Take the lines of the data below from the very first through the line containing "Miss Sixty polka-dot" and output them exactly, pictures excluded.

Input data:
---+---
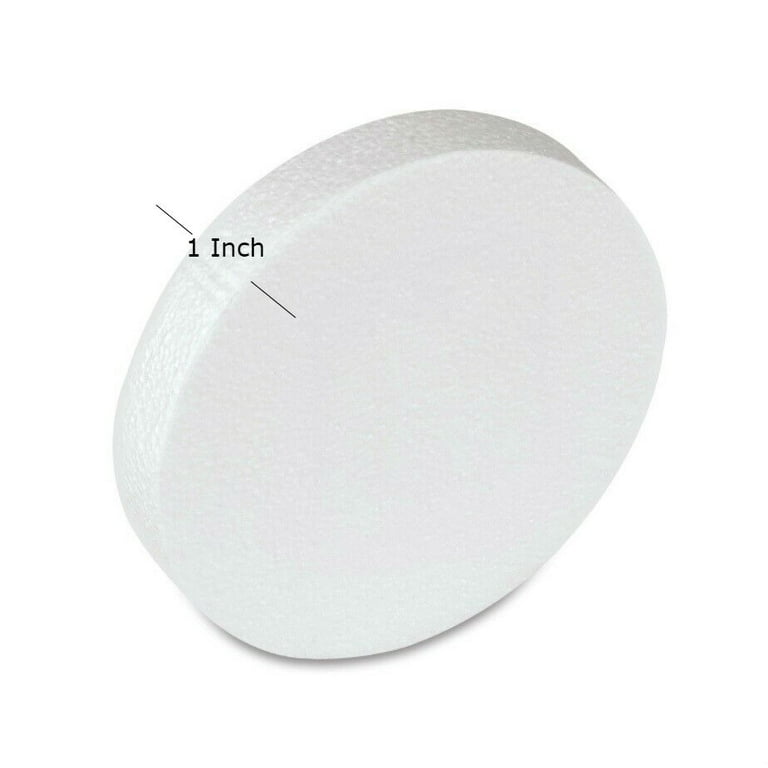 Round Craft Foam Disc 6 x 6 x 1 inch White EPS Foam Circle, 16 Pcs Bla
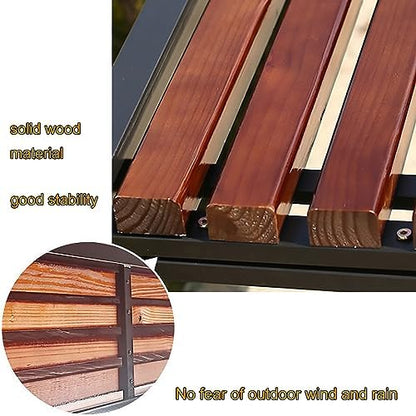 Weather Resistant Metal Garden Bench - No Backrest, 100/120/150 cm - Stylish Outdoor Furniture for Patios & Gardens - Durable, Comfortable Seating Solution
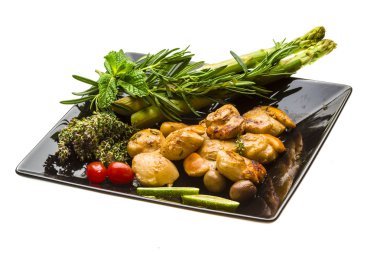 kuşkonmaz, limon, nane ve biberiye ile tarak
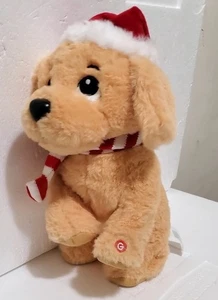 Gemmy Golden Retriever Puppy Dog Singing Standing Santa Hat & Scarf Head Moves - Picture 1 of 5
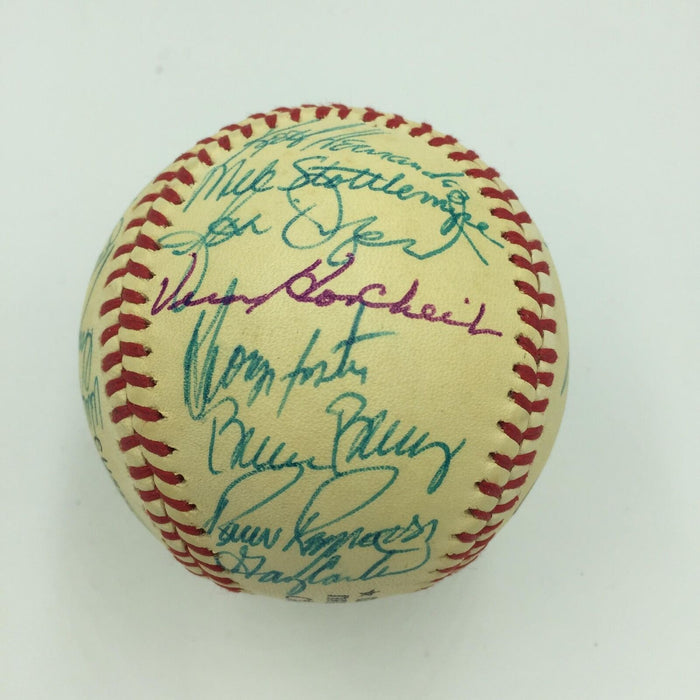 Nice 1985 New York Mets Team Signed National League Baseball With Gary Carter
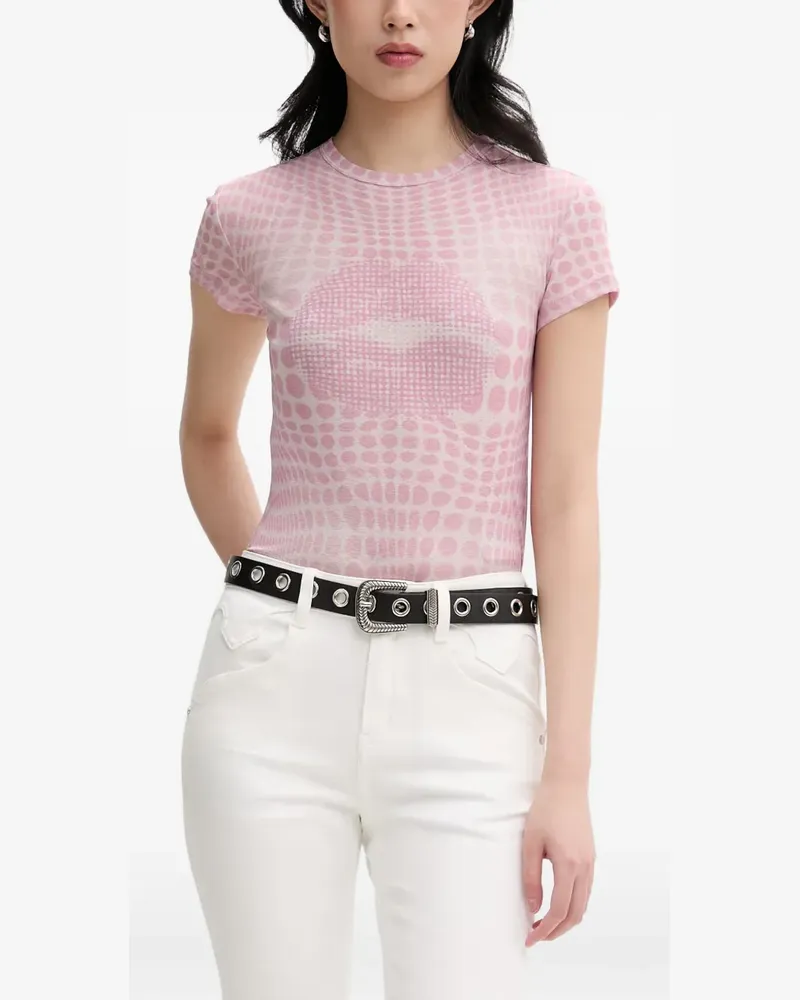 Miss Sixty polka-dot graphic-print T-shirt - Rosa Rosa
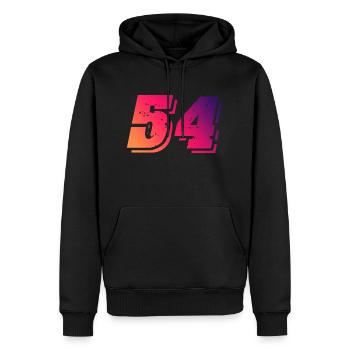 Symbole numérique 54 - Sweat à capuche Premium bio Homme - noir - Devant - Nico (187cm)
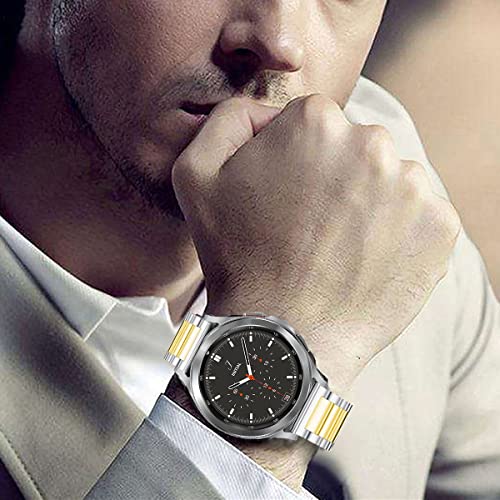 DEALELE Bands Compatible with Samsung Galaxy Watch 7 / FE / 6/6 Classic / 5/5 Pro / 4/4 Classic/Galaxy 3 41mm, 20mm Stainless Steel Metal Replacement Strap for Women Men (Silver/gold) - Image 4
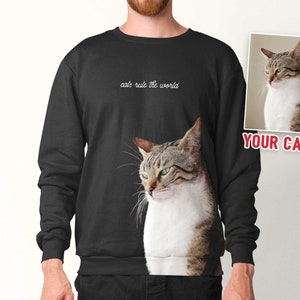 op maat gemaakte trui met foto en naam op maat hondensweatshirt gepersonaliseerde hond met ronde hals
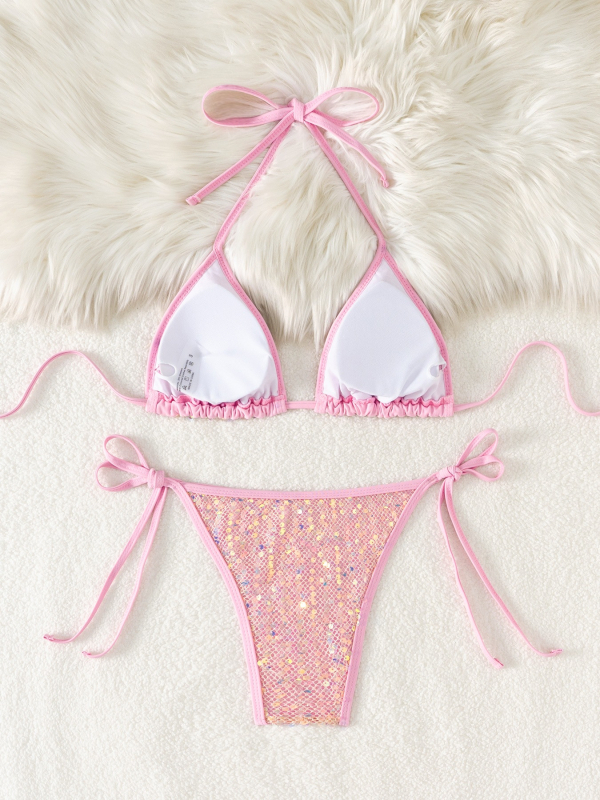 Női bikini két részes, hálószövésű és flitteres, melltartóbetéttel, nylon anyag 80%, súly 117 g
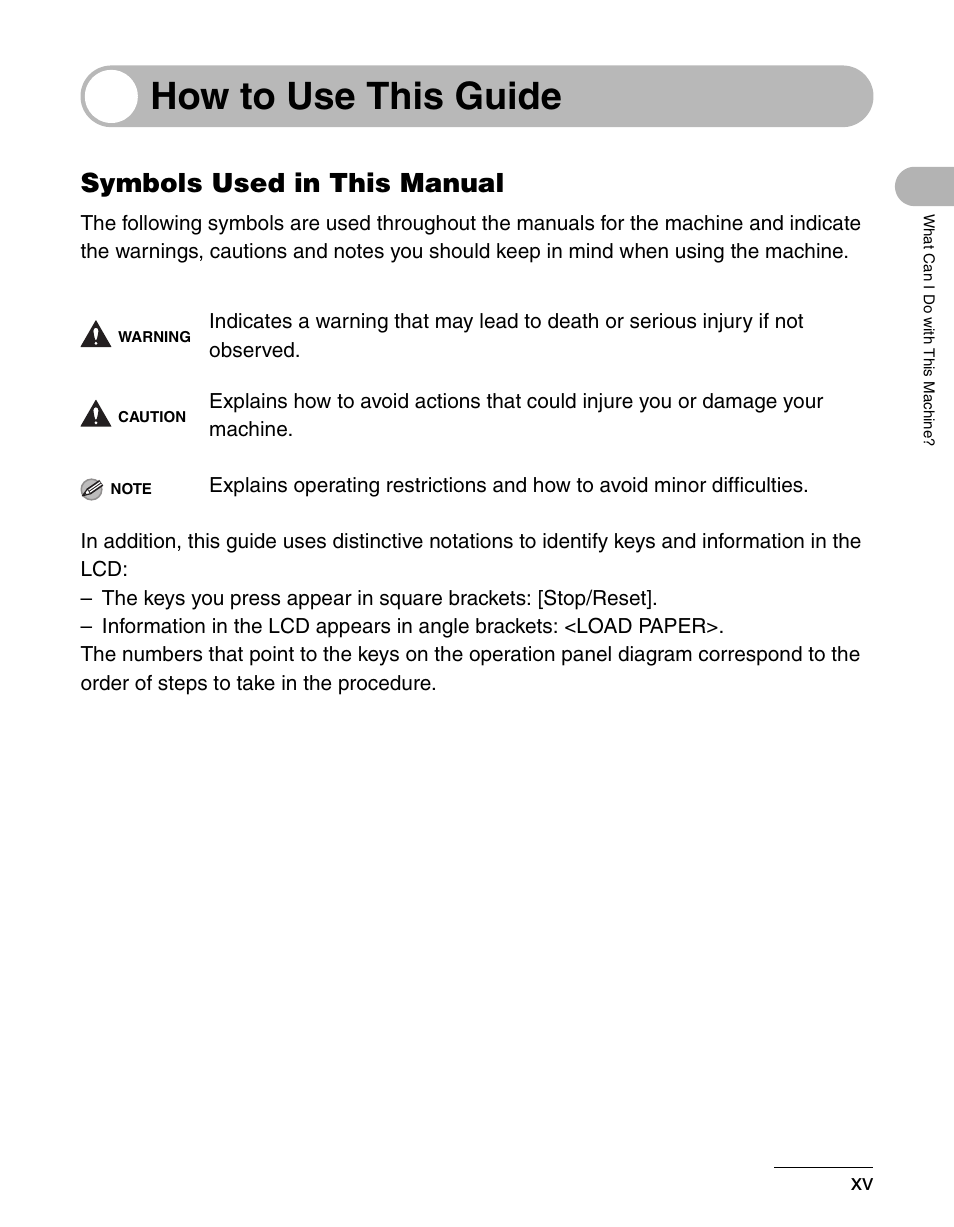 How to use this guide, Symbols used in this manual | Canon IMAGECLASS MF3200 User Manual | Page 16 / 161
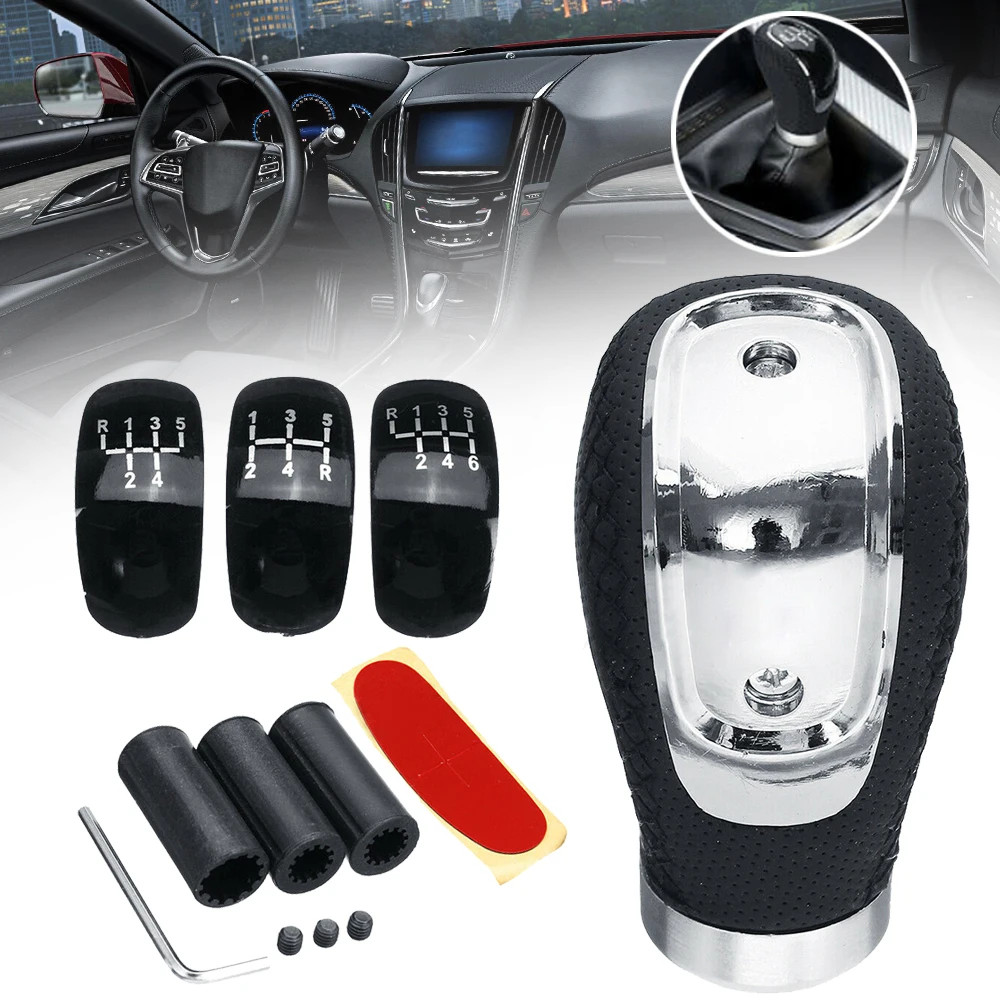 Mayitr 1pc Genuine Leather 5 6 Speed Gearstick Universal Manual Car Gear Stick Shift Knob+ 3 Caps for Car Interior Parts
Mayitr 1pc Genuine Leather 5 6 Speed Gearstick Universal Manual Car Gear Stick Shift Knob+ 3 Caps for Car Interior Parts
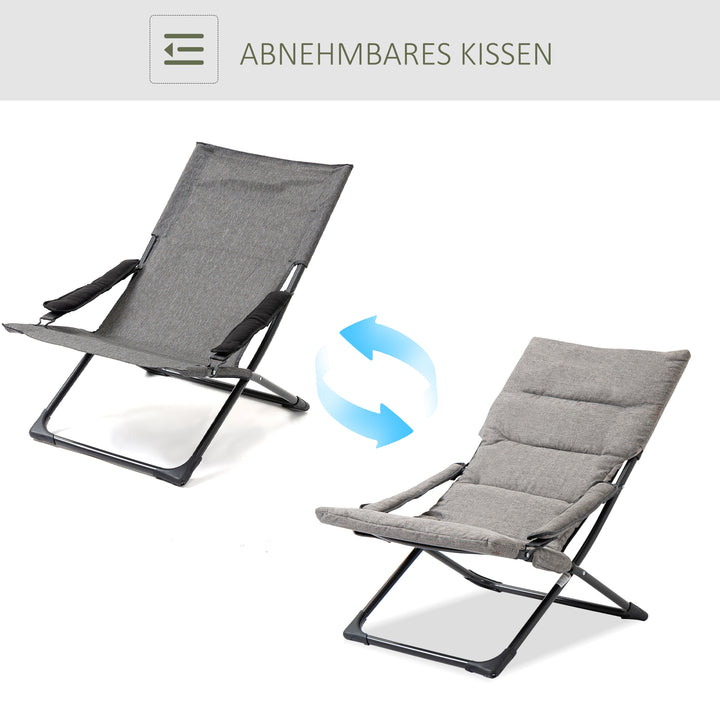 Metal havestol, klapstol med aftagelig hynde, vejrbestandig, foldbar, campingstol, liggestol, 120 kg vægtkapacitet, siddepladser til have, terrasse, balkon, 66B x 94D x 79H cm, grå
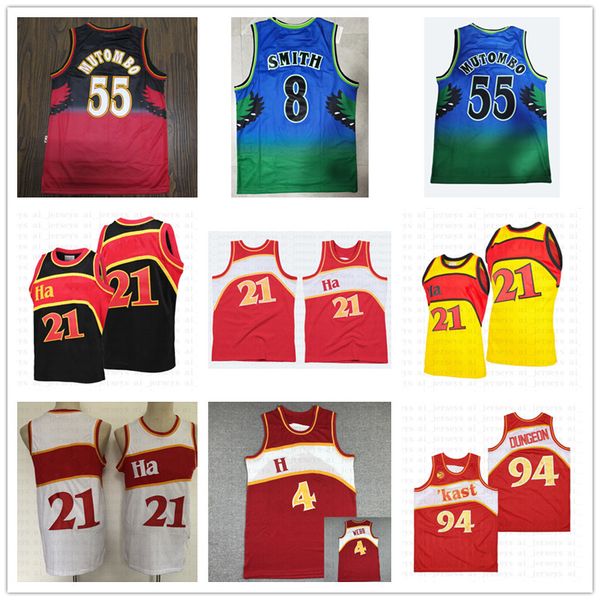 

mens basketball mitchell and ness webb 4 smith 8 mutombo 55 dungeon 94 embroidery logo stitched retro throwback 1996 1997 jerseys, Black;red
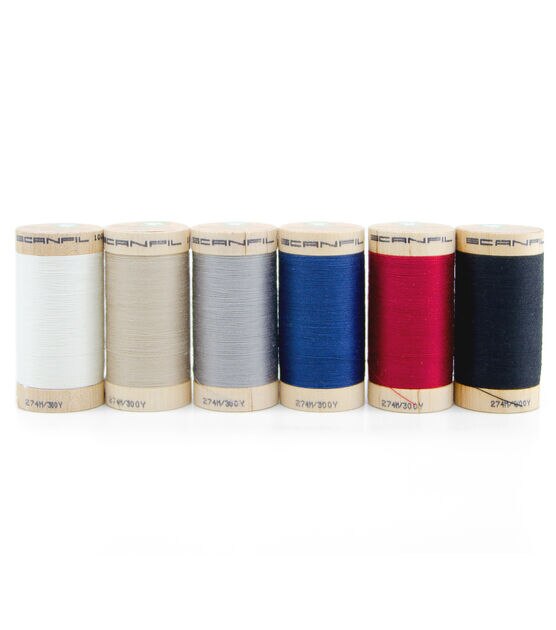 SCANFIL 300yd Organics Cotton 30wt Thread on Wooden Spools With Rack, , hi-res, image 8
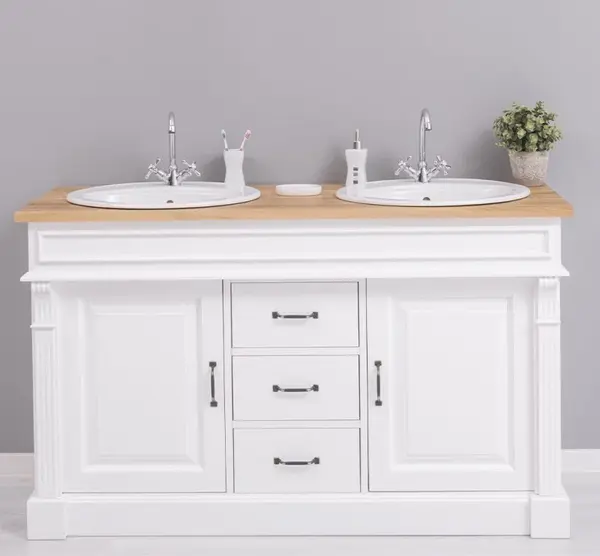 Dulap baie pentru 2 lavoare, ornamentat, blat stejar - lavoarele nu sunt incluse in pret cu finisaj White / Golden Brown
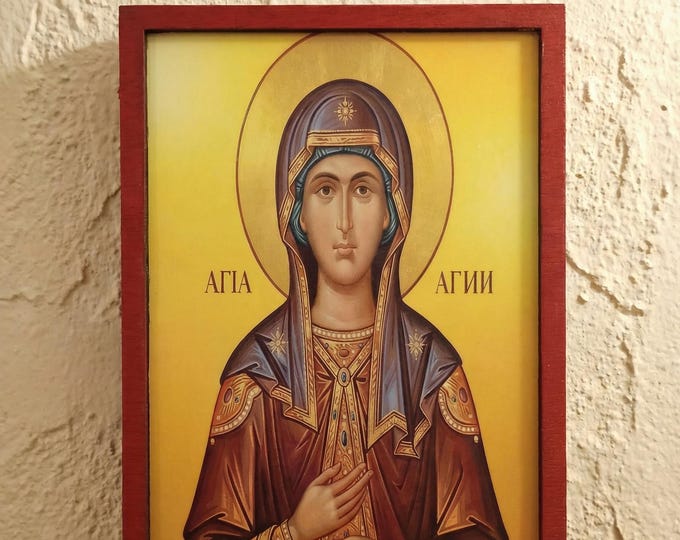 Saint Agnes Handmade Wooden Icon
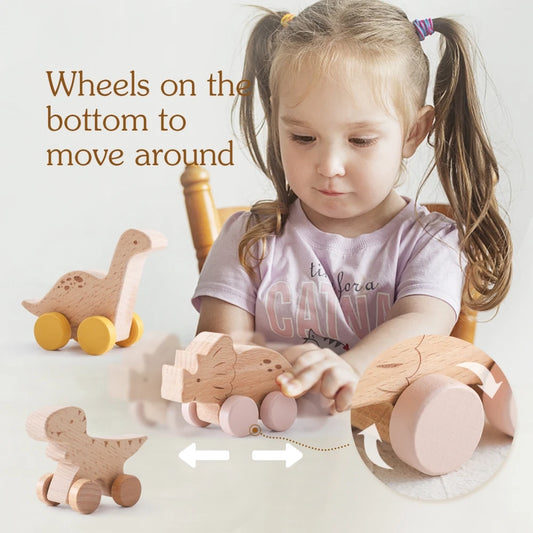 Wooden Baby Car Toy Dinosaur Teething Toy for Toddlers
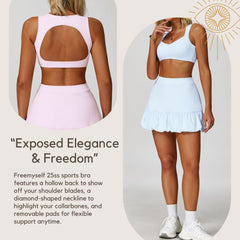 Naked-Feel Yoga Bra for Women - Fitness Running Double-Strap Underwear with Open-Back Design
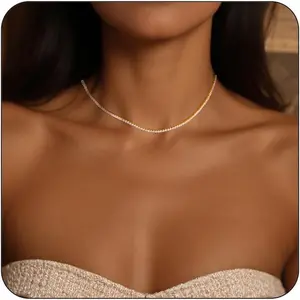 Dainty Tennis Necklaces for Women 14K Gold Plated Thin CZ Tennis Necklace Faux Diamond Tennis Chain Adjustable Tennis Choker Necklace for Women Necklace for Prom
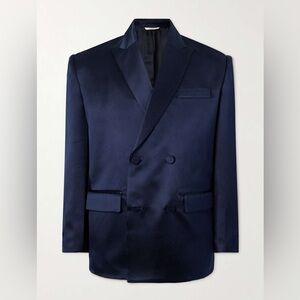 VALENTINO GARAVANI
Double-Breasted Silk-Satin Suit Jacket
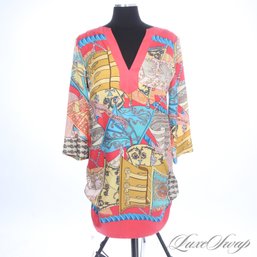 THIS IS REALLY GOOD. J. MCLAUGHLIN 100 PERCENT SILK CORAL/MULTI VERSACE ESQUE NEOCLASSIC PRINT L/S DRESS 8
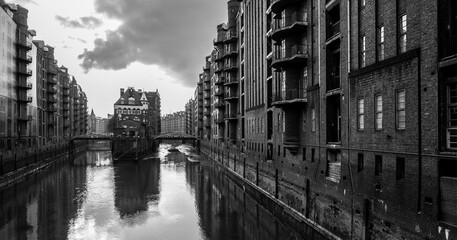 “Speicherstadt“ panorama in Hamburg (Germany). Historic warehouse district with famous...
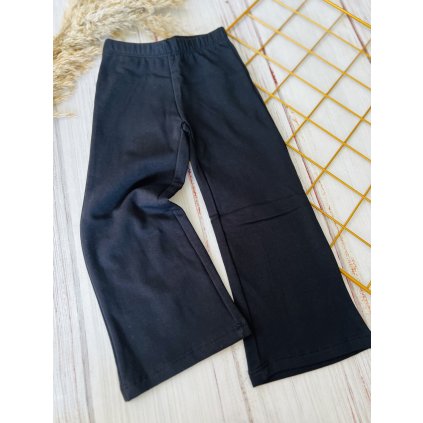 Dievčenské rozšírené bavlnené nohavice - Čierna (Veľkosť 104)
---+---
Result of this task:
 Round Craft Foam Disc 6 x 6 x 1 inch White EPS Foam Circle, 16 Pcs Bla
 Weather Resistant Metal Garden Bench - No Backrest, 100/120/150 cm - Stylish Outdoor Furniture for Patios & Gardens - Durable, Comfortable Seating Solution
 kuşkonmaz, limon, nane ve biberiye ile tarak
 Gemmy Golden Retriever Puppy Dog Singing Standing Santa Hat & Scarf Head Moves - Picture 1 of 5
 Nice 1985 New York Mets Team Signed National League Baseball With Gary Carter
 Miss Sixty polka-dot graphic-print T-shirt - Rosa Rosa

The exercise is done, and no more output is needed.